Il Belpaese presenta un debito pubblico di 1757,534 miliardi di euro, numero che non solo non vuole calare, ma neanche arrestarsi. Tutti però continuano a dirci di non preoccuparci, però nel frattempo la Camera dei Deputati è costretta a chiudere temporaneamente i battenti perché manca la copertura finanziaria dei progetti licenziati dalle apposite commissioni: chi deve fare le leggi non può adempiere al suo dovere perché non ci sono i soldi, cosa mai avvenuta prima e confermata non dai comunisti, ma dallo stesso ministero dell’Economia che, cercando di bloccare l’ala spendacciona dell’attuale governo, ha bocciato l’ipotesi del taglio dell’Irap proprio per la mancanza di fondi che possano andare a coprire le mancate entrate della tassa.
In realtà il portavoce del governo, Paolo Bonaiuti, ha sminuito la portata di tali affermazioni dicendo che il taglio dell’Irap è solo rinviato all’arrivo dei soldi derivanti dallo scudo fiscale, quelli che dovrebbero garantire le entrate nelle casse dello Stato.
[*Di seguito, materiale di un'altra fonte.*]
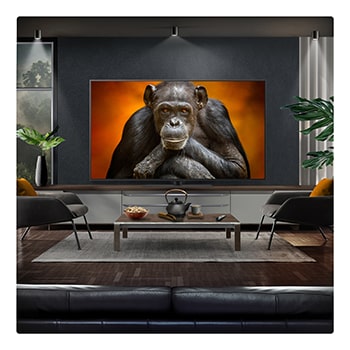 LG 55 inch LG OLED evo AI G5 4K Smart TV 2025, OLED55G56LS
Peccato però che lo scudo fiscale debba già andare a coprire la riforma dell’università («I fondi per la riforma arriveranno dallo scudo fiscale», ha detto il ministro Gelmini) e che, a quanto pare, non saranno poi tantissimi. Ci sarebbe poi da aprire il discorso sul come un governo provi a nobilitare il provvedimento salvaladri dicendo che serve all’istruzione (lo Stato finanzia la formazione con i soldi rubati), ma non è il caso di approfondire...
Lasciando da parte gli argomenti economici, ci spostiamo sulle istituzioni italiane. Questa settimana abbiamo appreso che buona parte di quelle politiche è sottoposta a ricatto: i dossier girano nelle redazioni dei giornali e nelle segreterie di partito in attesa dei tempi giusti per uscire. Si dirà che si va avanti così da una vita, ma solo in queste ultime settimane la lotta delle notizie riservate sta tenendo il ritmo di circa un dossier/video/rivelazione al giorno. Eppure basterebbe poco per eliminare questo modo di fare politica: sarebbe sufficiente avere persone serie al potere, e non uomini facilmente minacciabili per le loro debolezze o, peggio, malefatte.
Troppo difficile in un Paese nel quale non ci si può fidare neanche delle forze dell’ordine. Non tutte, sia chiaro. Però sappiamo per certo che a fare le trattative con la mafia sono stati i carabinieri, lo stesso ramo delle forze armate che, con altre «mele marce», ha ricattato quel pirla di Marrazzo; abbiamo visto cos’è successo al G8 di Genova nella scuola Diaz, come ha agito la polizia; stiamo assistendo increduli alle notizie sulla morte di Stefano Cucchi, che stanno godendo di una copertura mediatica ignota invece ai casi Aldrovandi, Bianzino e molti altri.
Il tutto avviene nel silenzio generalizzato dell’informazione e, soprattutto, nell’indifferenza degli italiani, i veri responsabili dell’abisso in cui stiamo precipitando: quelli che se ne fregano di tutto ciò che non li riguarda direttamente o, meglio, che credono che non li riguardi in prima persona; quelli che non si informano, che si fermano a ciò che sentono dire in tv, che non hanno una minima memoria dei fatti; quelli che, da perfetti ignoranti, non sanno nulla di come funzioni una normale democrazia, non ne conoscono le basi e che credono alle tante balle che ci vengono propinate ogni giorno, da destra come da sinistra. Quelli, in sostanza, che si curano solo del loro orticello e basta.
Lo ha spiegato benissimo Beppe Grillo in un vecchio post del 10 giugno 2008: «Sotto la superficie c’è l’italiano. Che tira a campare. Che non legge, non si informa, ed è, per dirlo con una bella parola, un ignorante. Sotto la superficie c’è sempre un veneto, un siciliano, un valdostano, non un cittadino italiano. La solidarietà si ferma alla porta della regione, del comune, del condominio. Sotto il fallimento dell’Italia, il suo fallimento economico, ma soprattutto morale e etico c’è l’italiano. Una volta era solo l’italiano medio, ora è anche il medio alto e il medio basso, il medio sinistro e il medio destro. Ogni giorno ci sono nuovi sintomi, nuovi delinquenti, nuove leggi vergogna. Non siete stanchi di rincorrerli? Fermatevi, guardatevi allo specchio e dichiaratevi colpevoli». Assolutamente d’accordo: è l’Italia, bellezza.